Indian architect, researcher

Mihir R Bhatt is an Indian architect, researcher and urban planner based in Ahmedabad, Gujarat, India. He is the director of the All India Disaster Mitigation Institute (AIDMI), a local organization dedicated to mitigating the impact of disaster risks in India. Mihir Bhatt is actively involved in cutting edge initiatives and projects aimed at reducing risks and enhancing disaster preparedness and has extensive publications on topics related to vulnerability and disaster.

== Early life and education ==
Mihir Bhatt was born in Ahmedabad, India from his social entrepreneur mother Ela Bhatt, founder of SEWA, and his father Ramesh Bhatt, a professor of economics. Studied his undergraduate in architecture at CEPT University, Ahmedabad, and his post-graduate in Urban and regional planning at the School of Planning and Architecture, Delhi. He won scholarship for Urban Studies at the Massachusetts Institute of Technology, US.

== Personal life ==

Mihir Bhatt married to Reema Nanavaty of SEWA (Self-Employed Women's Association of India). They have two sons, Somnath and Rameshwar.

== Career ==
Following his completion of postgraduate studies in Delhi, Mihir engaged in various projects with architects Anand, Apte, and Jhabvala, aimed at improving different aspects of communities such as the revamping of street markets to better serve vendors and hawkers, the establishment of day-care centers catering to the children of rural laborers, the development of innovative designs for watershed management, two exhibitions for International Trade Fair Authority of India and the construction of a new township in Punjab. Later he went to Boston, USA to pursue his education at Massachusetts Institute of Technology.
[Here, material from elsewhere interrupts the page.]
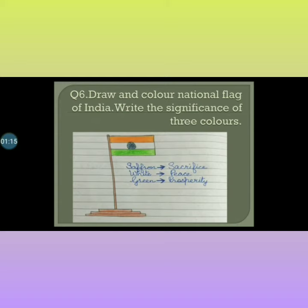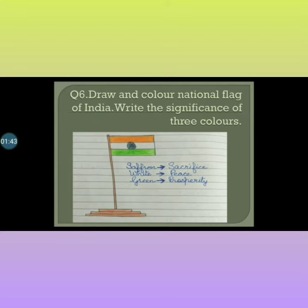Next, draw and color the national flag of India, and write the significance of three colors. Significance means importance. The three colors in our India's flag — what is their significance, their importance, what do they tell us? This is the national flag. You have to draw a national flag and write that saffron is for sacrifice, white is for peace, and green is for prosperity.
While he was in US he teamed up with two others and started a business enterprise, Global View Inc., to promote international television programming, which Mihir later sold it and returned to India.

Upon his return, Mihir R. Bhatt joined Christopher Benninger to head Institute for Habitat and Environment (IHE) in Pune, where he introduced pioneering projects in environment smart urban governance that received funding from the World Bank, UN, and national banks. In 1990, he founded the Disaster Mitigation Institute in his hometown of Ahmedabad.

Mihir R. Bhatt's contributions extend to international platforms: he served as a member of the panel responsible for selecting Humanitarian Coordinators for the United Nations, held an advisory role in the Climate Development Knowledge Network, concentrating on climate-compatible development in nine Indian states, particularly in the areas of urban resilience, green finance, and renewable energy at the subnational level. He twice chaired Duryog Nivaran, a South Asian network that fosters alternative thinking on disaster risk reduction.

In his position as CDKN's Country Engagement head for India, Mihir R. Bhatt used high-quality evidence and tools to incorporate climate challenges into India's national economic policies, plans, and practices. He is also an advisory member of GRRIPP South Asia, contributing to the planning of projects, programs, and strategies that address the interlinkages between gender, intersectionality, and disaster risk reduction in South Asia. Furthermore, Mihir played a founding role in Sphere India, an organization dedicated to developing and contextualizing minimum humanitarian standards in collaboration with affected populations. He has also played his role in strengthening the humanitarian system in India through his work with Sphere India and the World Food Programme.

Currently, Mihir R. Bhatt serves as a fellow at the FXB Center for Health and Human Rights, Harvard School of Public Health, and the Salata Institute.

== Awards and recognition ==

- Received the Russell E. Train Institutional Fellowship for planning work on environment;
- Eisenhower Fellowship for promoting local leadership
- Ashoka International Fellowship for designing social enterprise for micro-insurance for disaster victims.